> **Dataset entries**
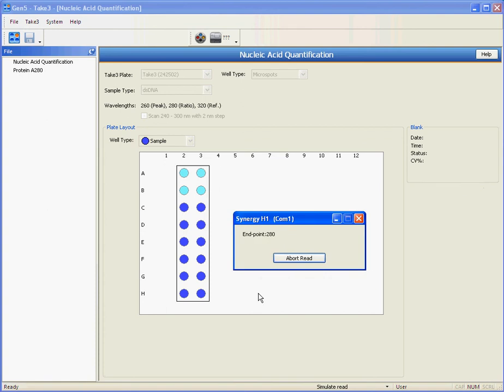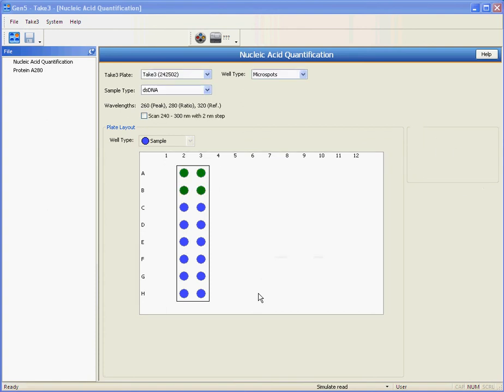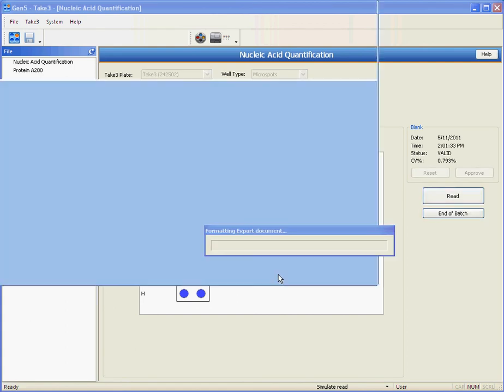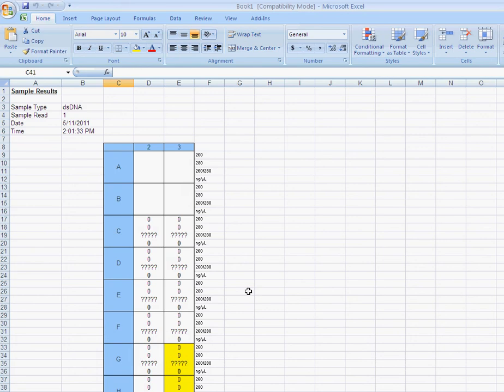The blanks are going to be measured along with the samples on the first slide, and all you have to do is approve your blanks and everything is exported to Excel—blanks and sample results.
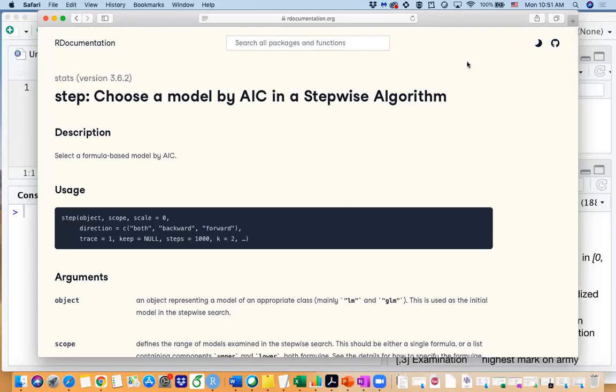Hi everyone! In this video we are going to talk about stepwise variable selection, and our background information here is we are going to do stepwise variable selection in multiple linear regression models.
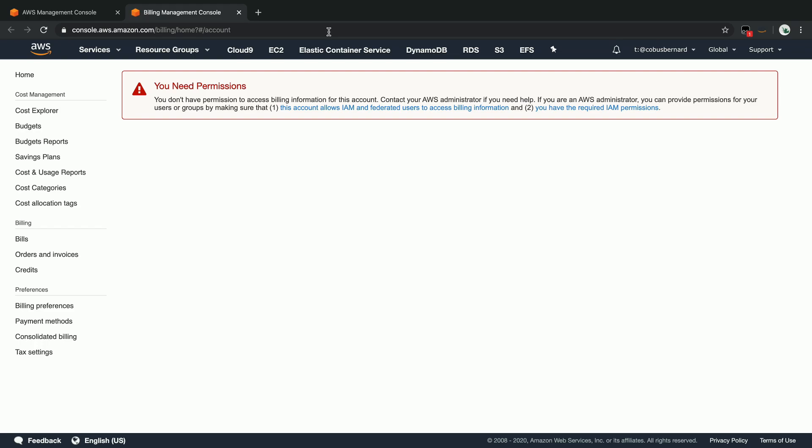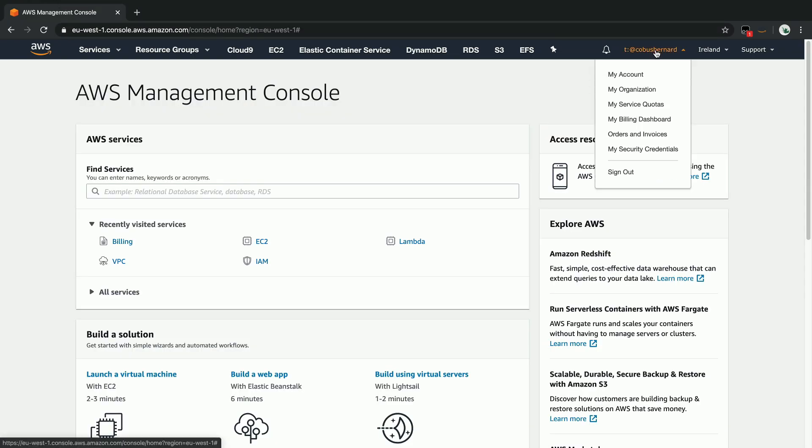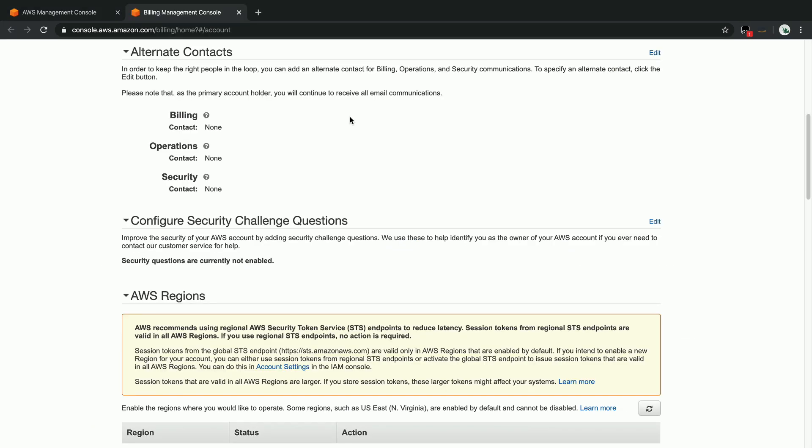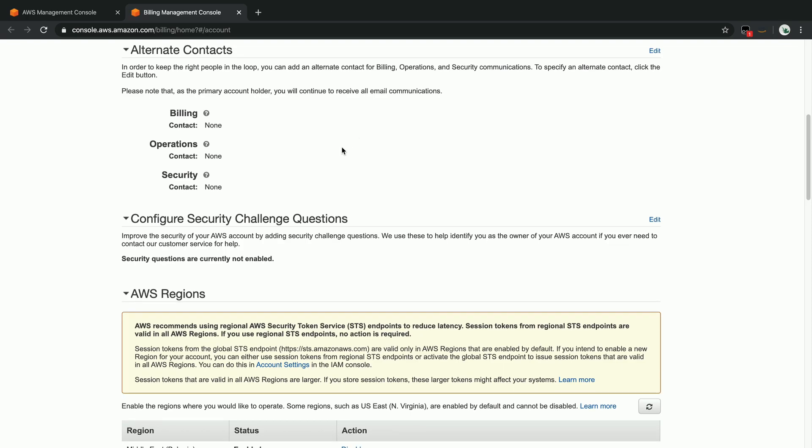I've scrolled down on the billing page because I don't want to share my personal billing details at the top. Please don't share yours either—these are considered very sensitive data. If we scroll down, we can see that we have the AWS region list over here.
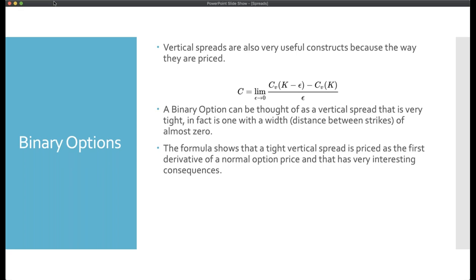The problem is that binary options are essentially illegal in the United States for citizens and residents. So there's almost no market for them here. But we can replicate binary options using tight vertical spreads. And for those mathematically inclined: if you look at the equation for a tight vertical spread, you'll notice it's the textbook definition of a derivative — a derivative of the price. So a binary option, or a vertical spread in general, can be thought of as a derivative of a normal option.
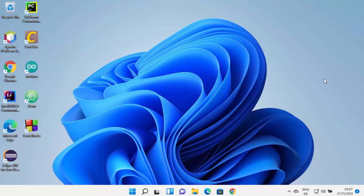Hey guys, in this video I'm going to show you how you can download and install Visual Studio IDE on your Windows 11 operating system. So let's get started.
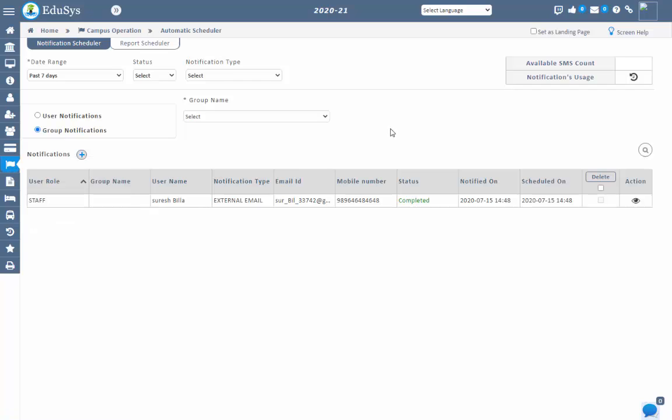In this way, management can configure various notifications automatically and manually easily with EDUCIS ERP. Thank you.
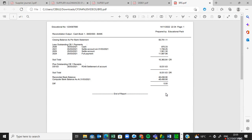That is all for this video. In the next video I'll be looking at the sundry transactions on page 19 and how we process them. If you find these videos helpful, please subscribe to my channel and like my videos. Thank you.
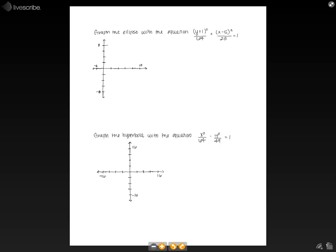In this pencast, we're going to be talking about graphing conic sections. The first problem says graph the ellipse with the equation: y plus 1 squared over 64 plus x minus 5 squared over 28 equals 1.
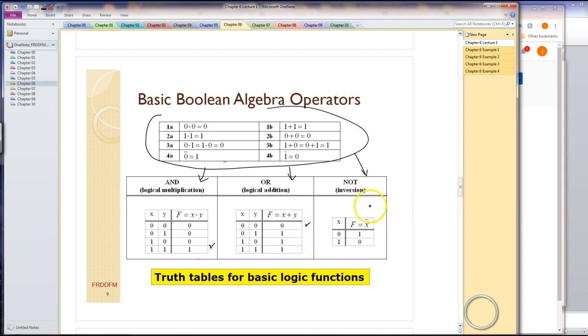Lastly, for the inversion operator, the output is just the opposite of the input. Unlike the AND and OR gate, this is only defined for one input. It only has one output.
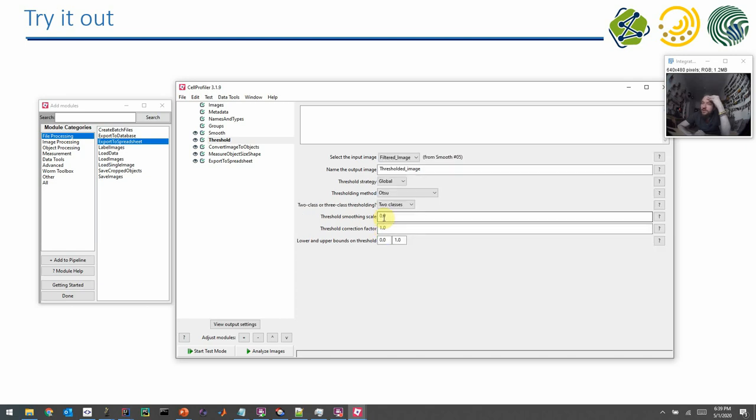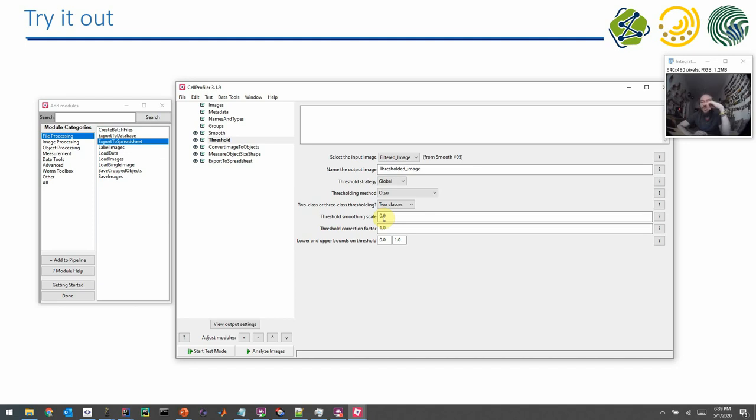For example here in this pulldown you find Otsu, and you know already how the Otsu method works. Maybe you know from the images I will show you later for the exercise that these images may be easy processable with the Otsu method. So then you can pick it here or you can pick any other method. But in general I would just leave the default parameters for now because they are kind of carefully selected by the developers of this tool. We can have a look on the results.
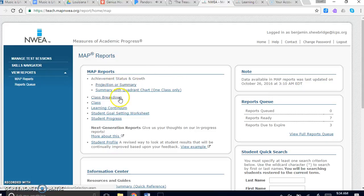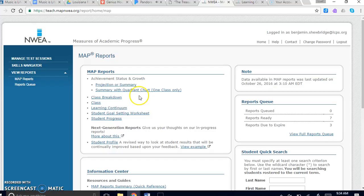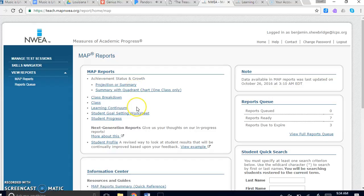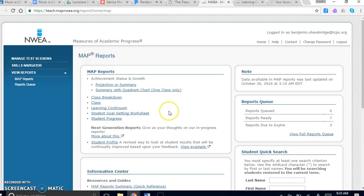Each one of these reports has a specific goal in mind when breaking down your information. For the purpose of this video, do not use the summary with quadrant chart, and don't bother clicking on student progress either, because without two data points both of those things are useless.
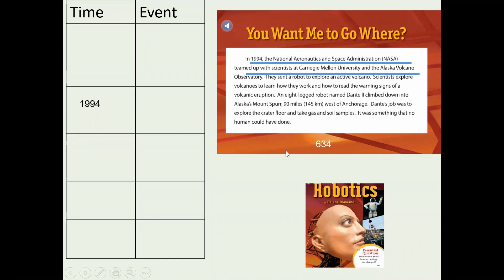What date is mentioned in the paragraph? And what happened on this date? What happened? Check your answers.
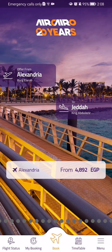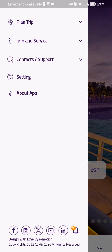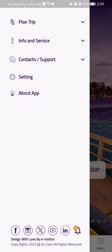Hello guys! In this video I'm going to show you where to find information about baggages in the AirCairo application. The first thing you need to do is enter the app. Once you're inside the app and you're on the home page, you should look down below in the right corner and you will find the menu option there. Press on it. Here you should select the second category which is Info and Service.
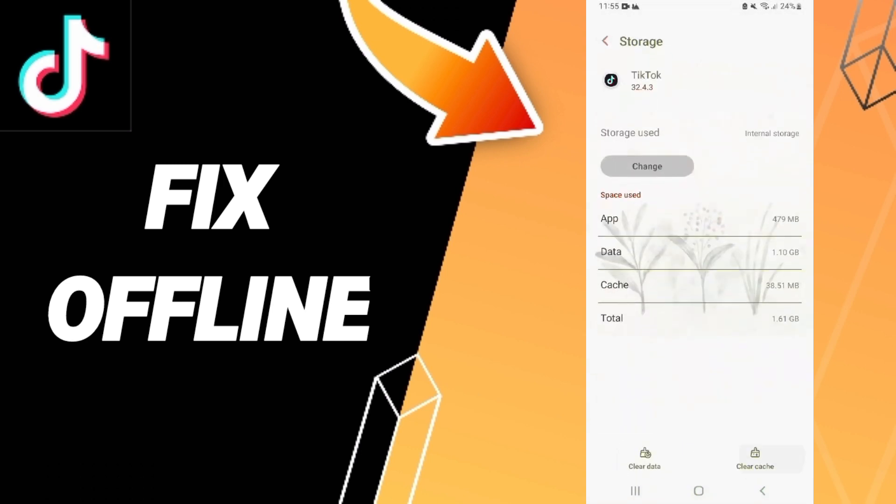Here we click Clear Cache. Don't click Clear Data because that can cause errors in your app.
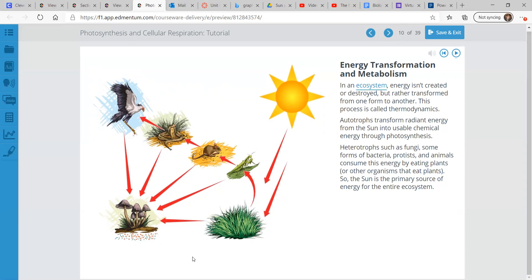The decomposers — the fungi — they eat organisms when they're dead. So it's all a life cycle, energy flowing in and flowing out — very zen, very give and take. Circle of life, if you will.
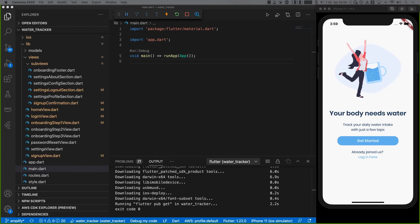I'll take you through the Flutter app I've already created. As you can see on the right-hand side of my screen, I've got the app launched up and running on an iPhone 11. I'll walk you through it so you can see some of the functionality I've already built.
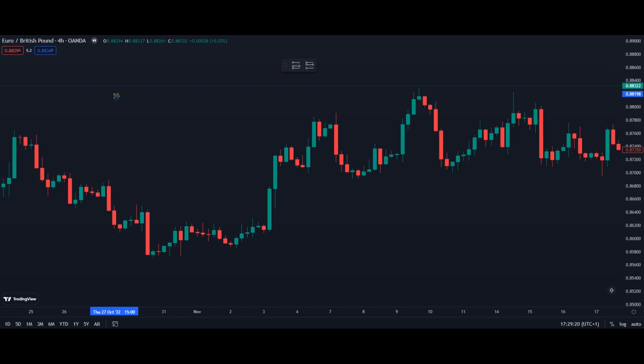Welcome back dear traders to another episode of the Indicator Identificator. Today we're going to have a closer look at the SSL indicator — how it performs, how it looks, and how to use it. Let's go.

> **Description of the task**
Where pictures appear, drop them, and reproduce exactly only the lines running from the beginning of the data to the line that contains "I've scrolled down", inclusive.

> **Exercise answer**
The blanks are going to be measured along with the samples on the first slide, and all you have to do is approve your blanks and everything is exported to Excel—blanks and sample results.
Hi everyone! In this video we are going to talk about stepwise variable selection, and our background information here is we are going to do stepwise variable selection in multiple linear regression models.
I've scrolled down on the billing page because I don't want to share my personal billing details at the top. Please don't share yours either—these are considered very sensitive data. If we scroll down, we can see that we have the AWS region list over here.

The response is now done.